Data extraction from image-based documents

Evolution AI are challenging the status quo by combining the latest advances in neural network architectures for computer vision and machine reading

Evolution AI’s machine reading technology can read any kind of document, even scanned images of documents with complex layouts (such as an invoice or a cash flow statement).

Traditionally, computers are not capable of understanding the text contained in images without first applying a method called Optical Character Recognition (OCR). The major downside of OCR is the need for human intervention in setting up separate templates for all the different types of documents due to the wide variety of possible formats. Even the slightest difference in format can result in significant inaccuracies and requires setting up a new template.

Evolution AI are challenging the status quo by combining the latest advances in neural network architectures for Computer Vision and Natural Language Processing. Our engine understands the overall structure of the page (including tables, white space, column headers, line items, etc.), just like a human would. For example, it understands the relationship between field names and values in documents like invoices, even if the format of the invoice has never been seen before. This is game-changing for the industry and paves the way to complete automation.

Evolution AI’s algorithms analyse the document layout before extracting the text, while OCR systems are built to only recognise characters (they only recognise the text marked in red, with no consideration given to the layout and visual design elements).
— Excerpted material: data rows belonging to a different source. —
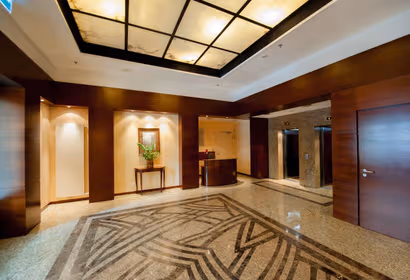 Atelier Residence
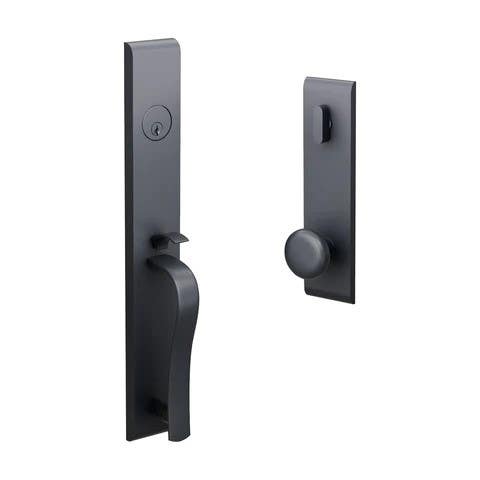 Montana Forge H15 Decorative Handleset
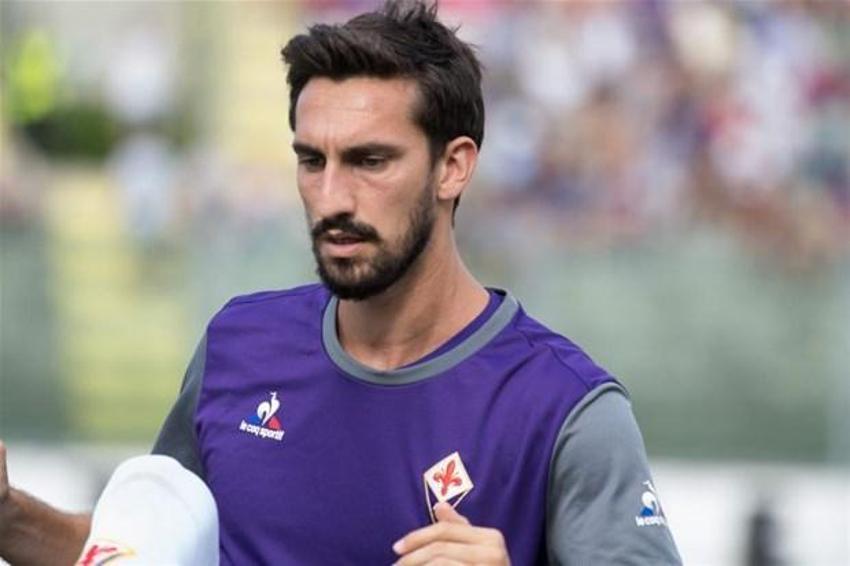 Davide Astori bir futbolcudan fazlasıydı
The data extraction engine uses a combination of advanced Computer Vision, Deep Learning and NLP algorithms and has been trained on millions of documents, including invoices and financial statements. This approach has significant advantages, such as:

  • It’s data efficient — we don't need more than a few training examples in order to customise it for your specific use case.
  • It’s completely autonomous — no need to set up templates, like in the traditional OCR approach.